** Opening TASK INPUT block **

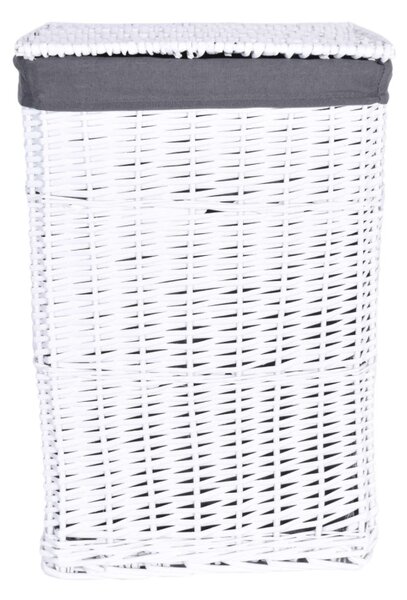Cos din rachita, capacitate 114 L, captuseala interioare, 48x36x66 cm, alb/gri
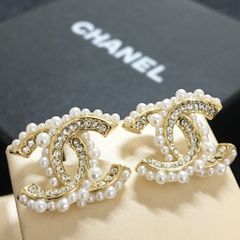  Bông Tai Chanel Bản To Màu Vàng Ngọc Trai & Pha Lê Trắng (BD) 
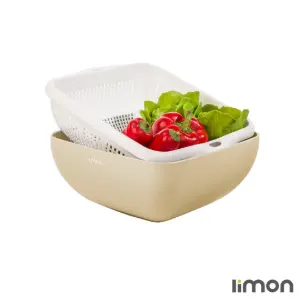 ست کاسه و آبکش چهارگوش 2 لیمون 0574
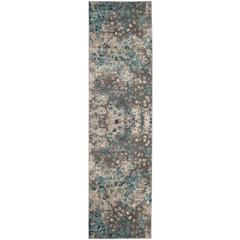 MONACO, GREY / LIGHT BLUE, 2'-2" X 6', Area Rug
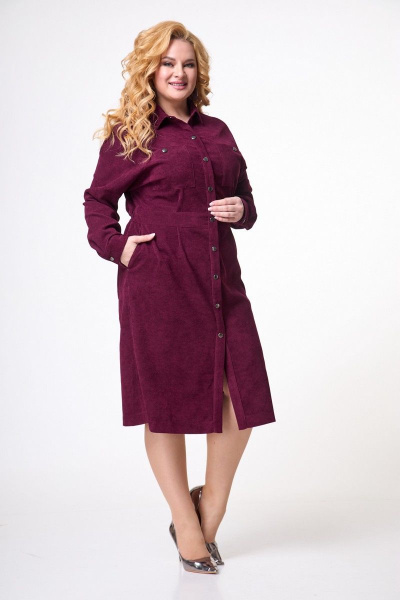 Платье вельветовое миди с накладными карманами и поясом Anelli 920 бордо - фото 1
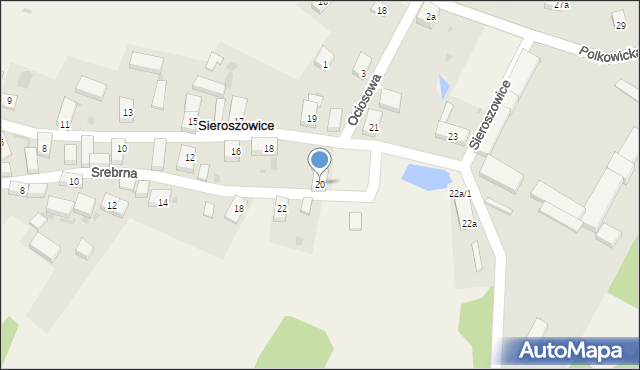 Sieroszowice, Miedziana, 20, mapa Sieroszowice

** Closing TASK INPUT block **

> TASK STATEMENT: Exactly the lines from the one containing "ست کاسه و آبکش چهارگوش 2 لیمون 0574" through the last line of the material above, both included and free of pictures, should make up your answer, please.

> SOLUTION TO THIS EXERCISE:
 ست کاسه و آبکش چهارگوش 2 لیمون 0574
 MONACO, GREY / LIGHT BLUE, 2'-2" X 6', Area Rug
 Платье вельветовое миди с накладными карманами и поясом Anelli 920 бордо - фото 1
 Sieroszowice, Miedziana, 20, mapa Sieroszowice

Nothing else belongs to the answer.